Institutional investors say they’ve lost all faith in a global recovery and their expectations for growth, profits, and prices have diminished, according to a Merrill Lynch fund manager survey conducted August1 through August 8. The monthly survey included 292 institutional investors, who manage more than $706 billion in funds worldwide.
In July, many managers said they were hopeful a recovery could deliver 10% growth in global earnings per share (EPS), but by August they were less optimistic, saying 2002 global EPS growth was more likely to be around 7%.
“Institutional managers are closing their cyclical positions,” says David Bowers, Merrill Lynch’s chief global investment strategist and author of the study, in a company press release. “They’ve lost confidence in the recovery and now see cost-cutting as the prime driver for earnings growth. But they are still hoping that we are close to a bottom for equity markets, and continue to see value in world stocks.”
In addition, fund managers are becoming more conservative, saying they have become reluctant to “buy on the dips,” according to the survey. Should the overall market fall 10% in the next three months, only 69% would buy stocks, compared to 79% last month.

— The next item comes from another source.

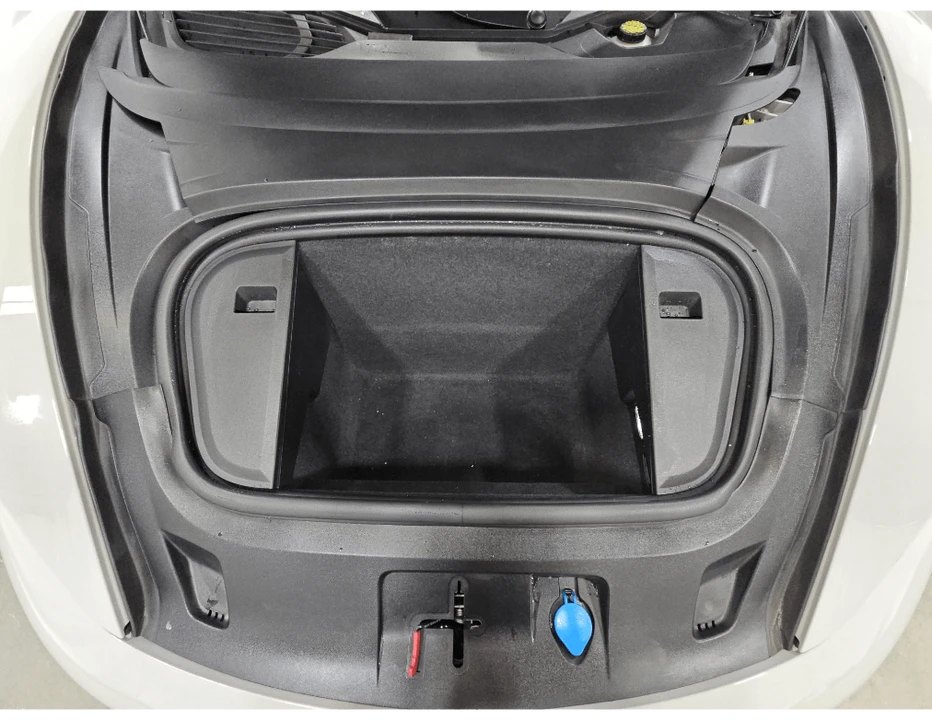 2023 Porsche Taycan - Image 13 of 15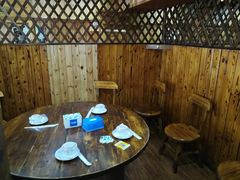 -老东镇啤酒屋海鲜加工·蒸汽海鲜·海鲜烧烤(台东店)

However, 62% believe world stock markets will be higher a year from now, and a third are still anticipating double-digit returns from equities over the next 12 months. “Fund managers remain surprisingly hopeful despite the equity selloff of the past three months,” Bowers says.
Thirty-four percent of those polled also say global equity markets are undervalued, while one in four fund managers believes equities are undervalued by at least 15%. Regional expectations have also changed since last month’s survey. The United States equity market is still perceived as negative, with 29% of fund managers saying that U.S. equities have the worst outlook for corporate profits, compared to 36% last month. In addition, 31% still think the U.S. has the worst quality of earnings as opposed to last month’s 34%.
Non-U.S. markets were also an object of concern, according to the survey. Many of the institutional investors indicate increased signs of skepticism about European corporate profits, and wonder whether Japanese equities are relatively expensive. There is also concern that emerging markets are not so cheap after all.